Problem
Beginning with the line that has "缅怀！2023年因公牺牲民警名单公布" and ending with the line that has "on background. Exchange", retype the entries below exactly, except for the pictures.

Extracted information
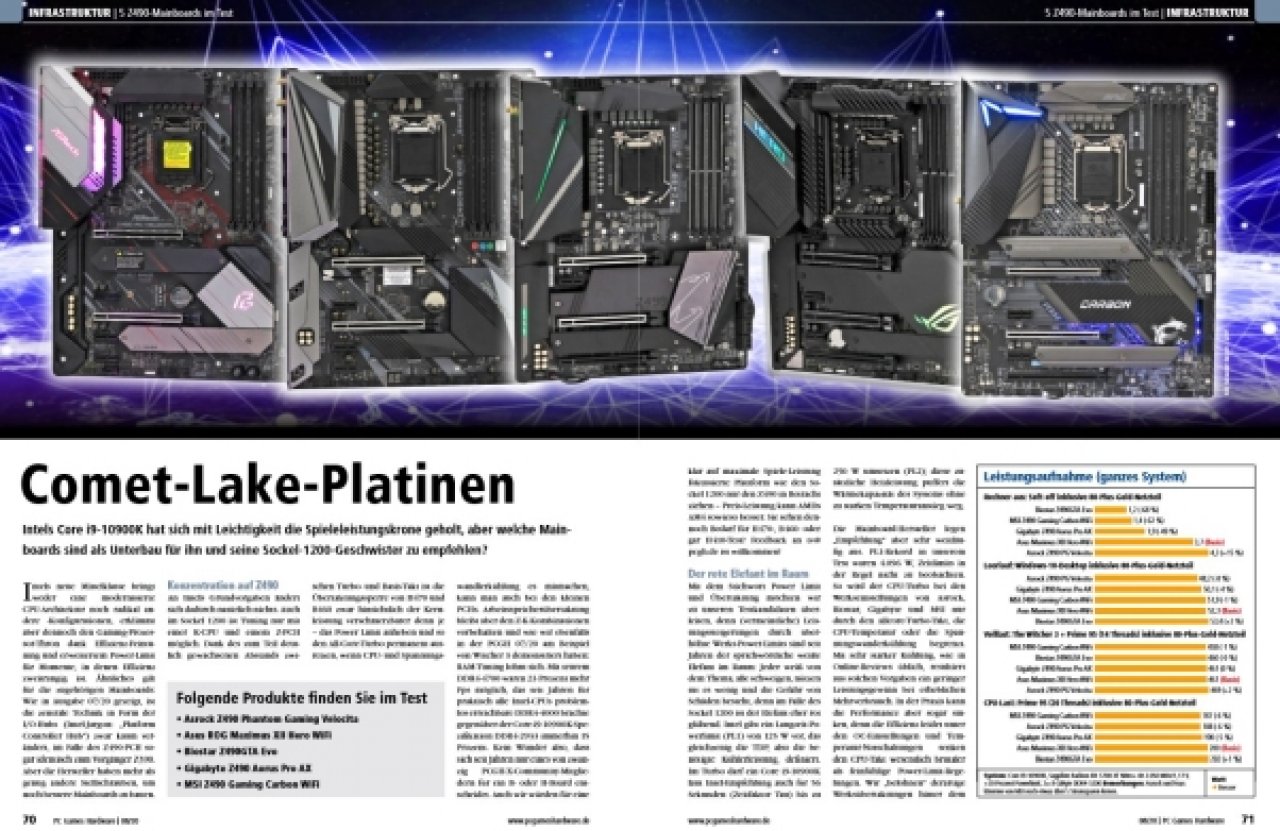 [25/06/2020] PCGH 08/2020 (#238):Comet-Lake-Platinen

...

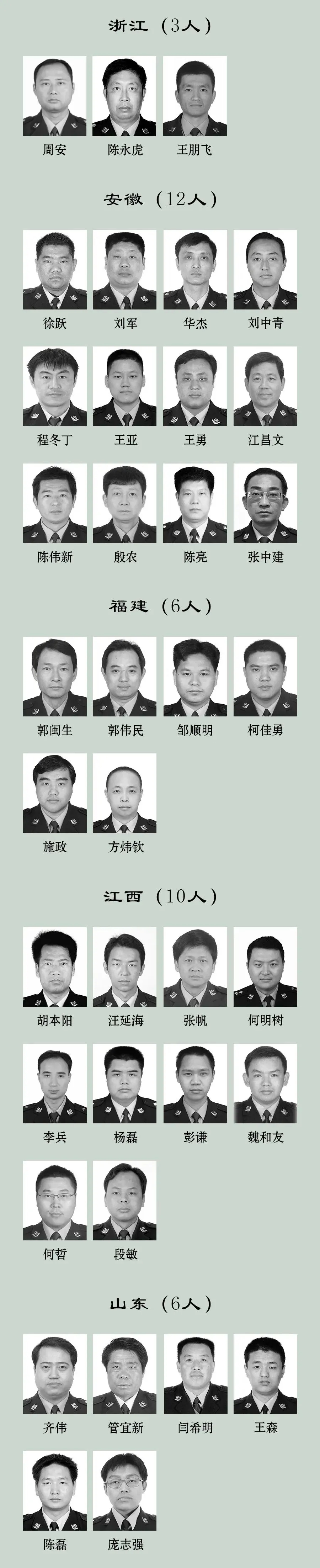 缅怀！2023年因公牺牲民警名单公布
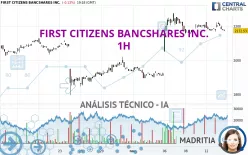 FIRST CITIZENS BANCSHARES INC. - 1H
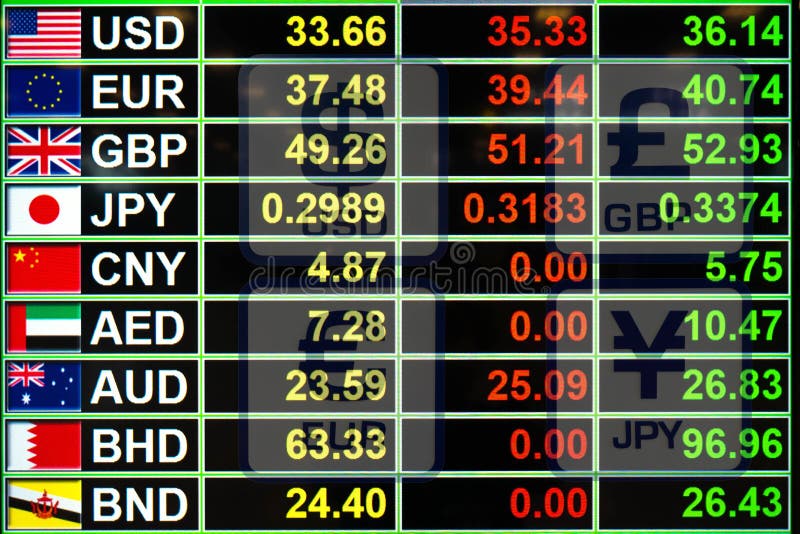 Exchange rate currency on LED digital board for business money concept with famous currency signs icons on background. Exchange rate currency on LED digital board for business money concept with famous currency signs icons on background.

Answer box
 缅怀！2023年因公牺牲民警名单公布
 FIRST CITIZENS BANCSHARES INC. - 1H
 Exchange rate currency on LED digital board for business money concept with famous currency signs icons on background. Exchange rate currency on LED digital board for business money concept with famous currency signs icons on background.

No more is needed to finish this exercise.